Он столько сделал, чтобы придать своей власти характер долга, а не произвола; думал, что на его деятельность иначе и нельзя смотреть, как на служение общему благу народа, а не как на тиранию. Он так старательно устранял все унизительное для человеческого достоинства в отношениях подданного к государю, еще в самом начале столетия запретил писаться уменьшительными именами, падать перед царем на колени, зимою снимать шапки перед дворцом, рассуждая так об этом: "К чему унижать звание, безобразить достоинство человеческое? Менее низости, больше усердия к службе и верности ко мне и государству -- таков почет, подобающий царю".


Он устроил столько госпиталей, богаделен и училищ, "народ свой во многих воинских и гражданских науках обучил", в Воинских статьях запретил бить солдата, писал наставление всем принадлежащим к русскому войску, "каковой ни есть веры или народа они суть, между собою христианскую любовь иметь", внушал "с противниками церкви с кротостью и разумом поступать по Апостолу, а не так, как ныне, жестокими словами и отчуждением", говорил, что господь дал царям власть над народами, но над совестью людей властен один Христос, -- и он первый на Руси стал это писать и говорить, -- а его считали жестоким тираном, азиатским деспотом.

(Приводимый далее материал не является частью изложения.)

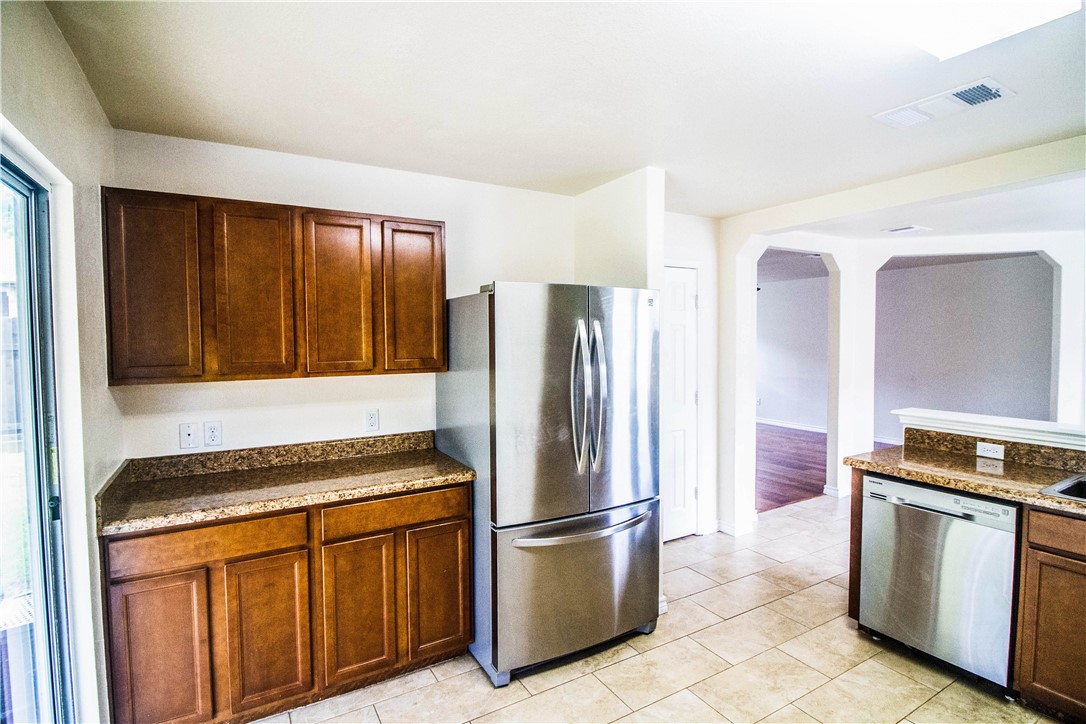 413 Moorhen Cove Leander, TX 78641 - Photo 5 of 18 a kitchen with granite countertop a refrigerator and a stove top oven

Об этом не раз заводил он речь с приближенными и говорил с жаром, с порывистой откровенностью: "Знаю, что меня считают тираном. Иностранцы говорят, что я повелеваю рабами. Это неправда: не знают всех обстоятельств. Я повелеваю подданными, повинующимися моим указам; эти указы содержат в себе пользу, а не вред государству. Надобно знать, как управлять народом. Английская вольность здесь не у места, как к стене горох. Честный и разумный человек, усмотревший что-либо вредное или придумавший что полезное, может говорить мне прямо без боязни. Вы сами тому свидетели. Полезное я рад слушать и от последнего подданного. Доступ ко мне свободен, лишь бы не отнимали у меня времени бездельем. Недоброхоты мои и отечеству, конечно, мной недовольны. Невежество и упрямство всегда ополчались на меня с той поры, как задумал я ввести полезные перемены и исправить грубые нравы. Вот кто настоящие тираны, а не я. Я не усугубляю рабства, обуздывая озорство упрямых, смягчая дубовые сердца, не жестокосердствую, переодевая подданных в новое платье, заводя порядок в войске и в гражданстве и приучая к людскости, не тиранствую, когда правосудие осуждает злодея на смерть. Пускай злость клевещет: совесть моя чиста. Бог мне судья! Неправые толки в свете разносит ветер".